Jerome from the maze looked at him like he saw something more, something worth dying over, even if just for the sheer spite of shaking his childish ideals. Something worthy damaging enough that his freshly regained life wasn't too much of a price.
The Jerome underneath him now… doesn't.
His gaze burns with a cold flame of hatred and a truly maniacal need to end Batman's life, but there is no deeper desire there. No curiosity. And it sends Batman for a loop, this strangeness. This otherness.
Until he remembers it's not strangeness at all.
That it's not Jerome — the vaguely threatening menace that likes to break into his house for breakfast every so often — that he's facing right now. It's not Jerome that served as a final push to send him on his current path, Jerome whom he shares a lot of history with, both past and — surprisingly — present.
No.
It's the Joker on a warpath and out for his blood.
It's the Joker who's… laughing at him again?

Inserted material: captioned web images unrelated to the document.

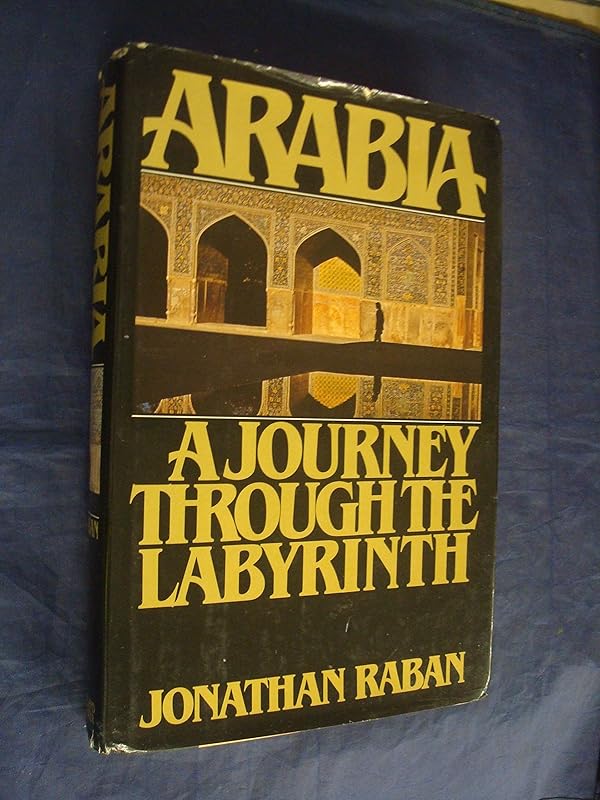 Arabia: A Journey Through The Labyrinth by Jonathan Raban
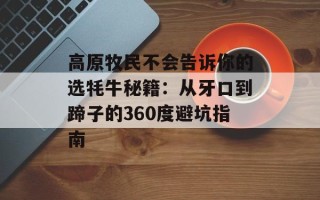 高原牧民不会告诉你的选牦牛秘籍：从牙口到蹄子的360度避坑指南
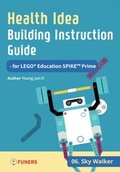 Cover: Health Idea Building Instruction Guide for LEGO&reg; Education SPIKE(TM) Prime 06 Sky Walker - FUNERS
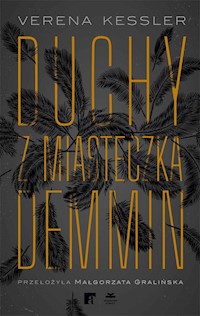 Duchy z miasteczka Demmin - Kessler Verena - ebook + książka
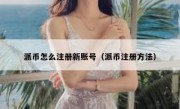 派币怎么注册新账号（派币注册方法）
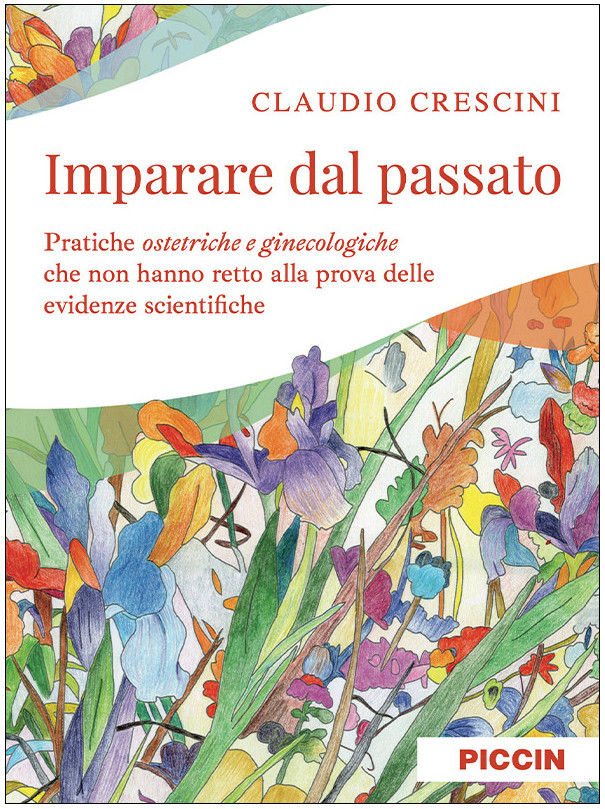 IMPARARE DAL PASSATO – Pratiche ostetriche e ginecologiche che non hanno retto alla prova delle evidenze scientifiche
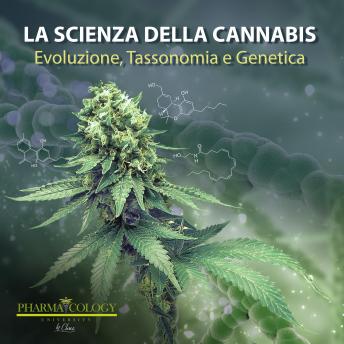 [Italian] - La scienza della cannabis: Evoluzione, tassonomia e genetica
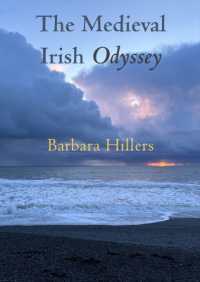 The Medieval Irish Odyssey (Celtic Studies Publications)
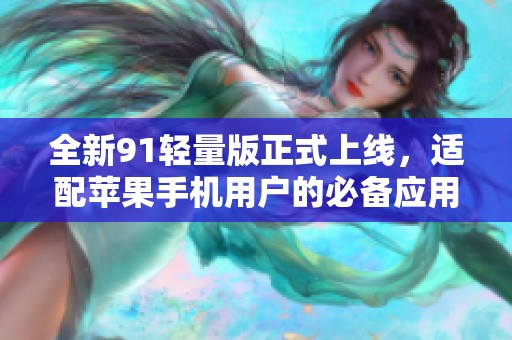 全新91轻量版正式上线，适配苹果手机用户的必备应用！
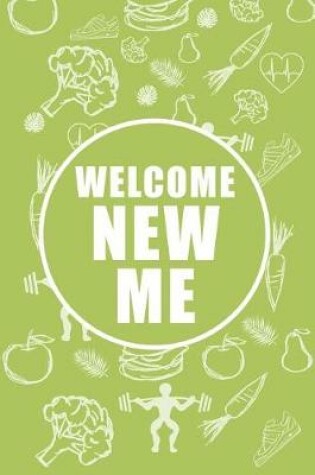 Cover of Welcome New Me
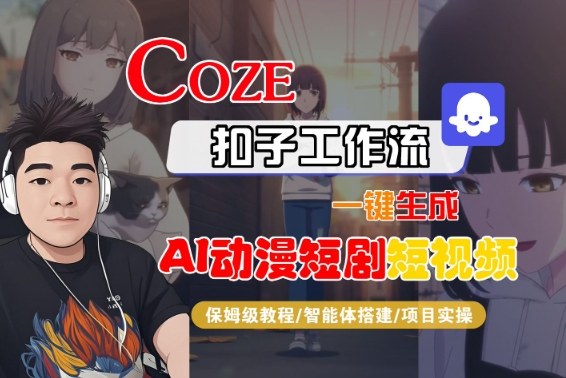 Coze扣子智能体工作流一键生成“AI动漫短剧“短视频，全流程保姆级教学-百货大全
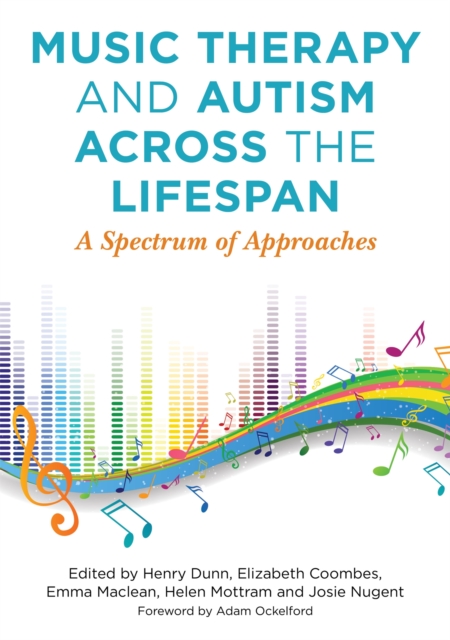 Music Therapy and Autism Across the Lifespan : A Spectrum of Approaches, Paperback / softback Book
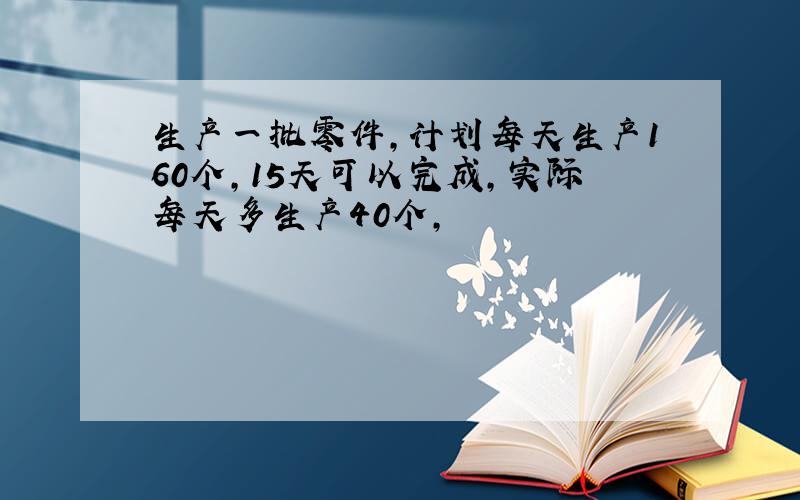 生产一批零件,计划每天生产160个,15天可以完成,实际每天多生产40个,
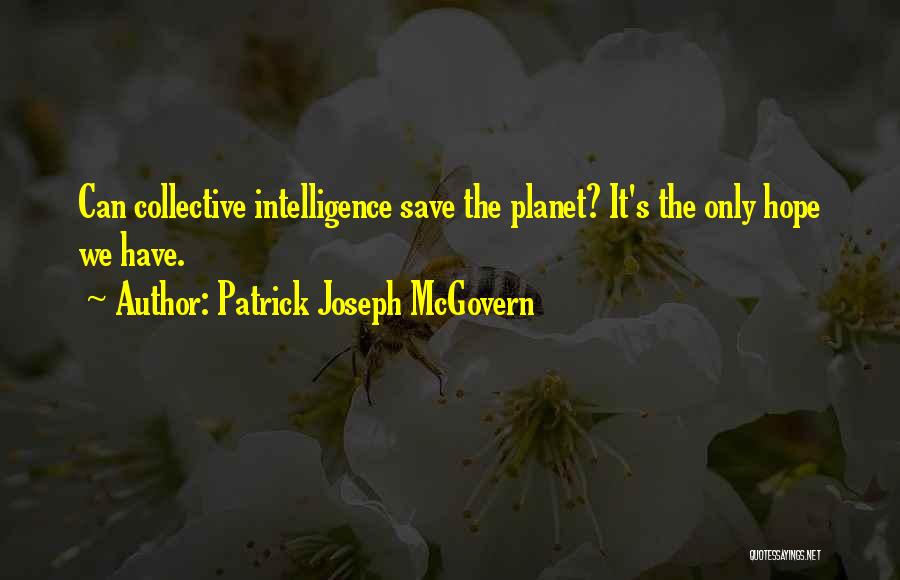 Collective Intelligence Quotes By Patrick Joseph McGovern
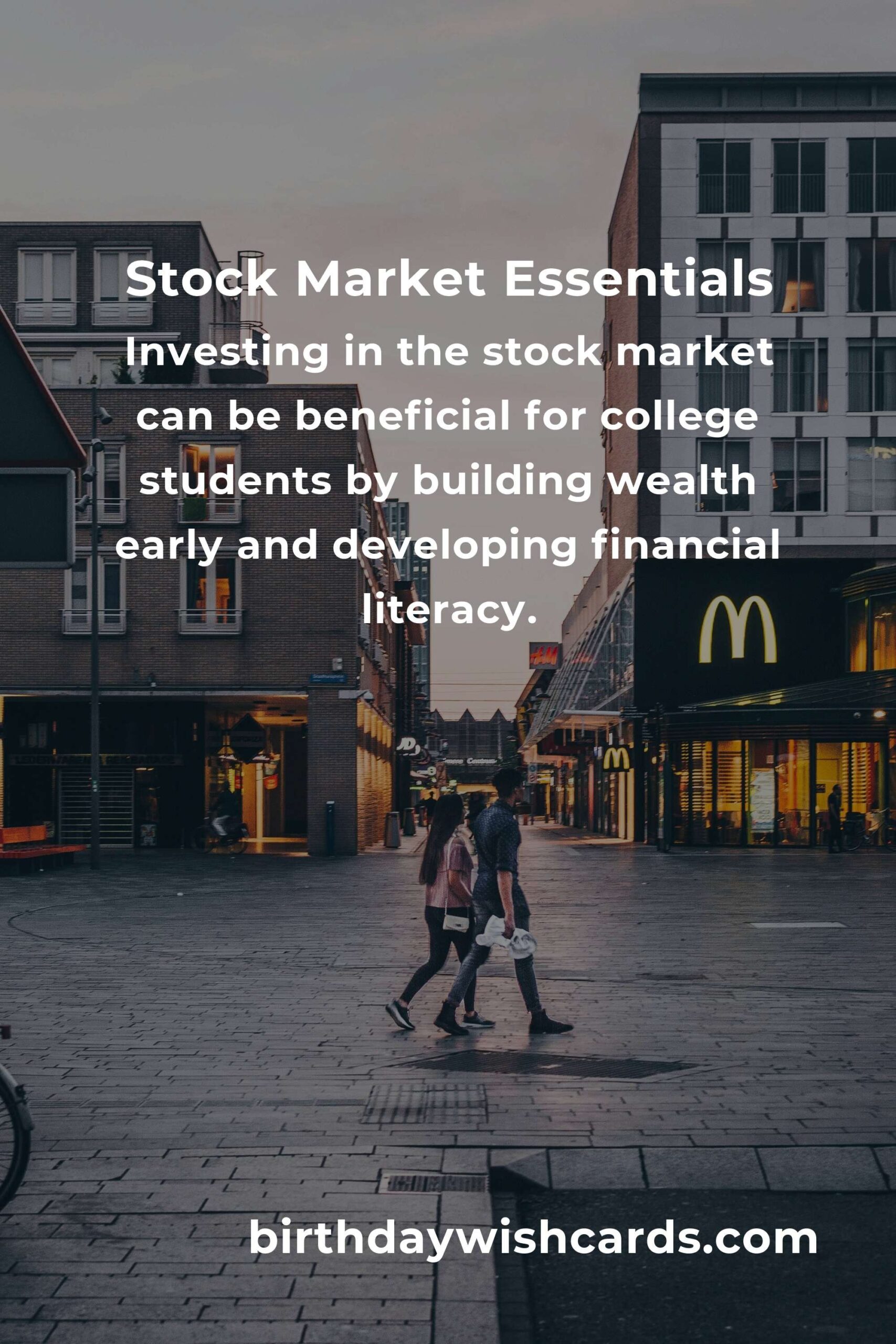 Complete Guide to Stock Market for College Students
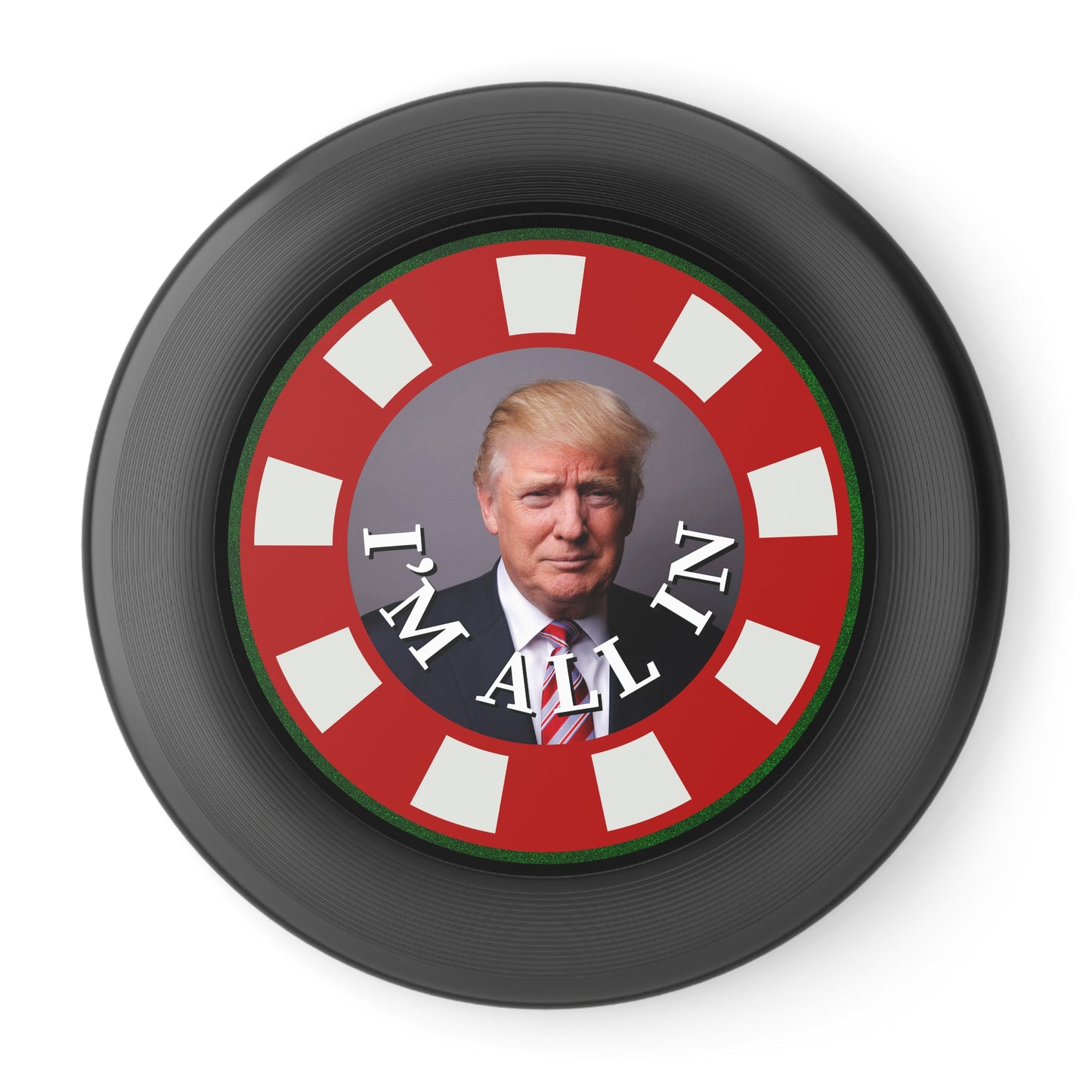 I'm All In with Trump Political Themed Frisbee - Fun Outdoor Game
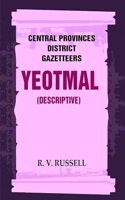 Central Provinces District Gazetteers: Yeotmal (Descriptive) 23rd, Vol. A [Hardcover]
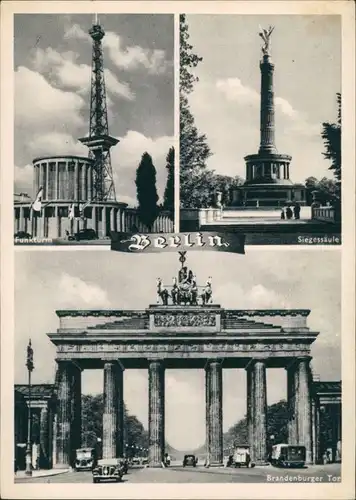 Ansichtskarte Berlin Funkturm, Siegessäule, Brandenburger Tor 1940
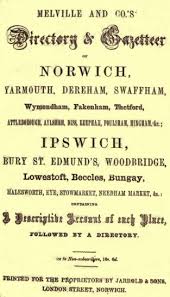 Melville and Co.'s Directory and Gazetteer of Norwich, Yarmouth, Dereham,  Swaffham ... [1856], by F. R. Melville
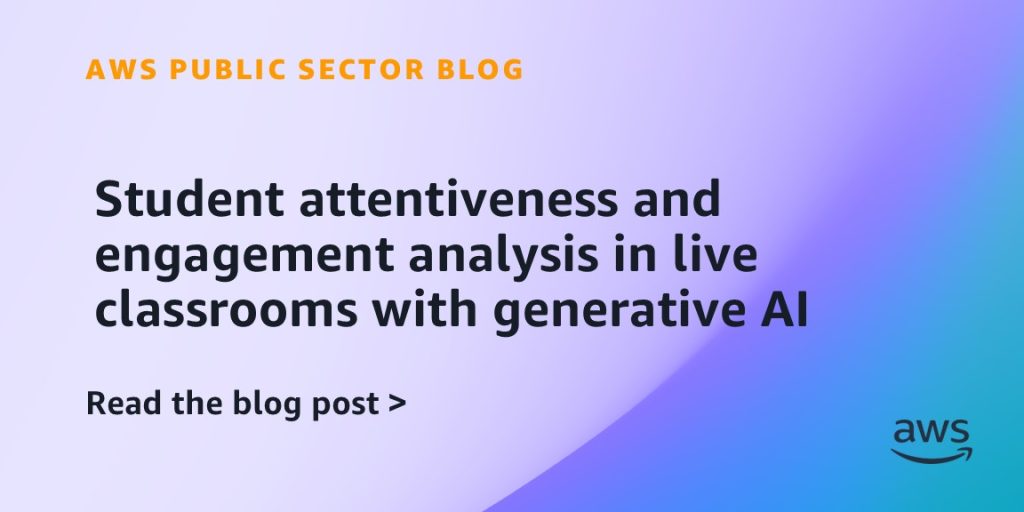 Student attentiveness and engagement analysis in live classrooms with generative AI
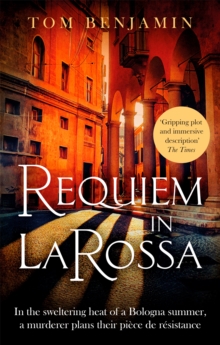 Requiem in La Rossa : A gripping crime thriller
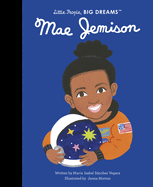 Mae Jemison (Volume 81) (Little People, BIG DREAMS, 81)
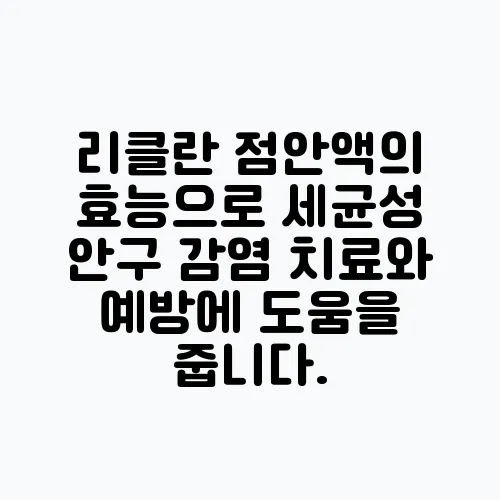 리클란 점안액의 효능으로 세균성 안구 감염 치료와 예방에 도움을 줍니다.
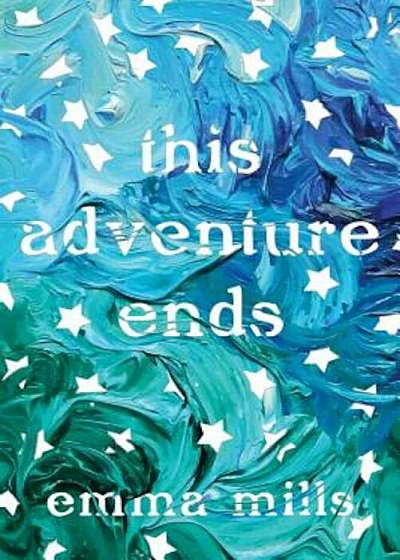 This Adventure Ends, Hardcover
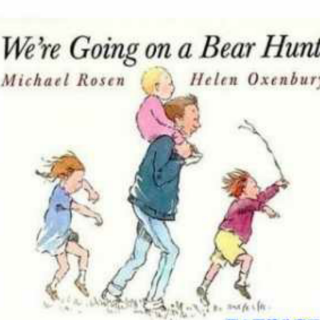 We're going on a bear hunt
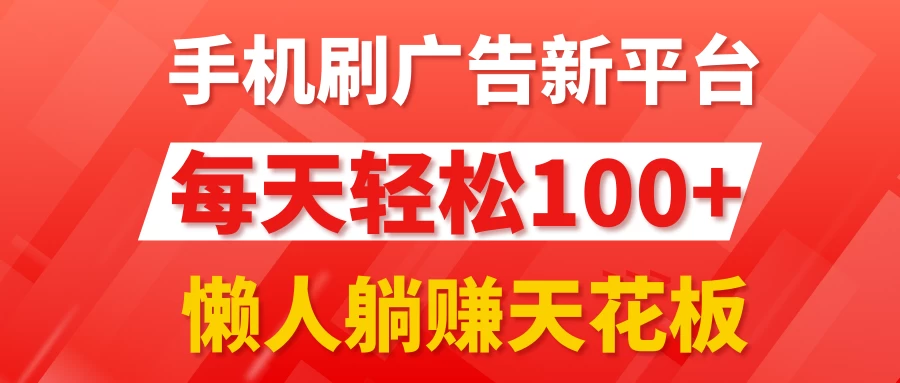手机刷广告新平台3.0，每天轻松100+，懒人躺赚天花板 - 区块之眼 - 区块之眼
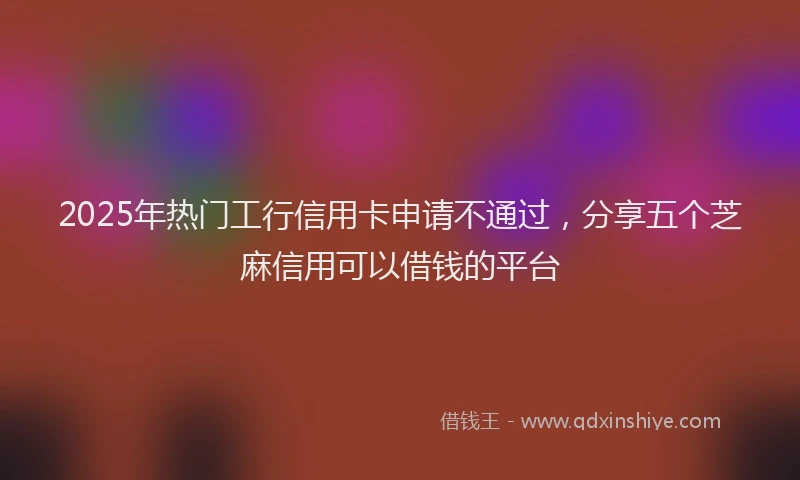 2025年热门工行信用卡申请不通过，分享五个芝麻信用可以借钱的平台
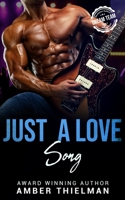 Just a Love Song 1798479419 Book Cover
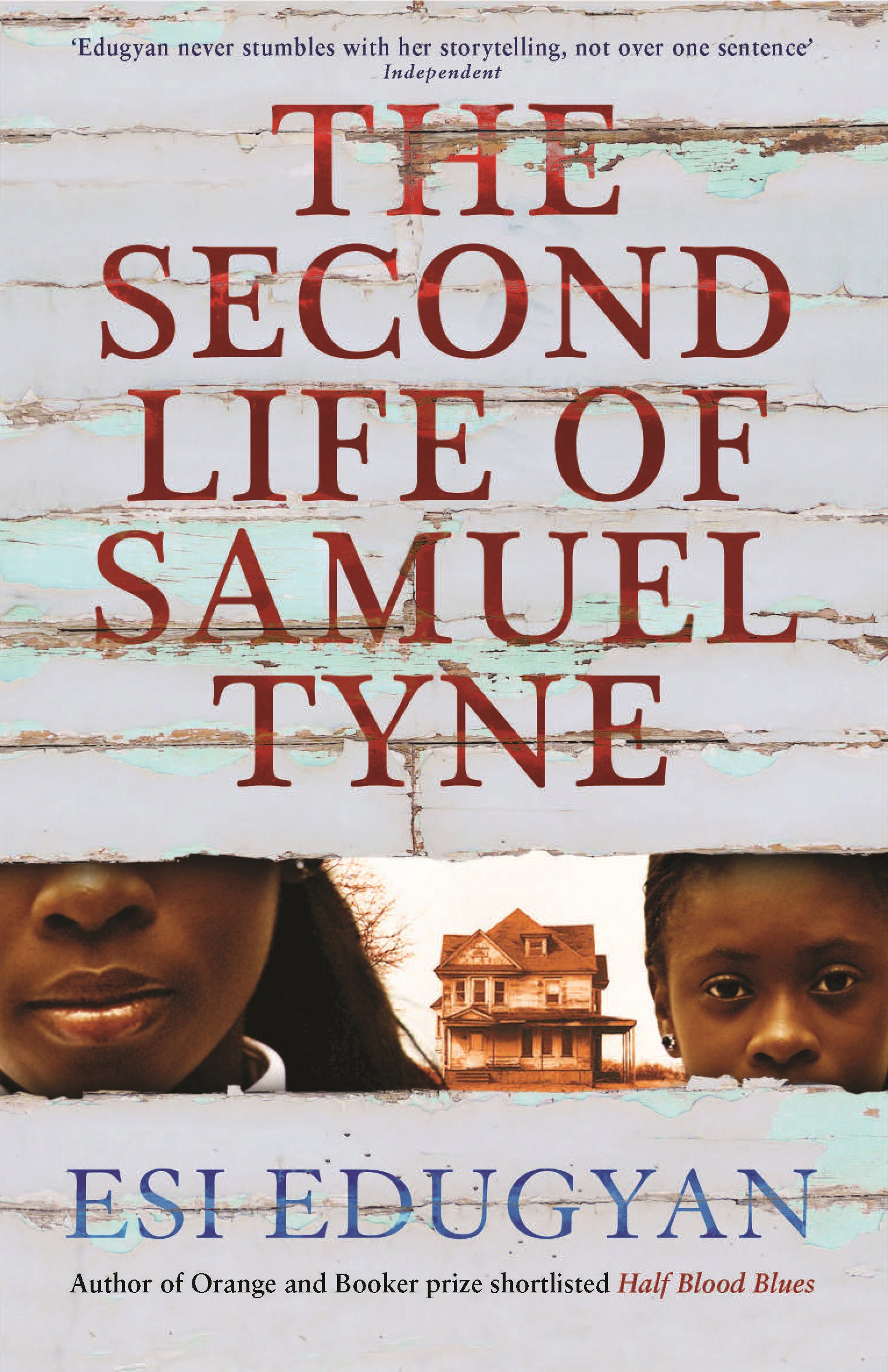 Second Life of Samuel Tyne | Esi Edugyan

Batman jumps back in an instant when the sizzling noise of a blade that wasn't in Jerome's hand a second ago hits his ears and wild cackling begins to echo malevolently in the night.
"Itsy bitsy baby Batsy, tut-tut! Don't run away."
Oh, Batman certainly won't. But he won't indulge the Clown either.
Jerome doesn't give him time to regroup, though. He rushes forward, his chainsaw-like blade brandishing in broad, chaotic swings.
Batman throws a tripwire at his ankles to knock him down but Jerome leaps at him over it and sure enough they're locked in a deadly embrace once more. Only this time the threat is appallingly real.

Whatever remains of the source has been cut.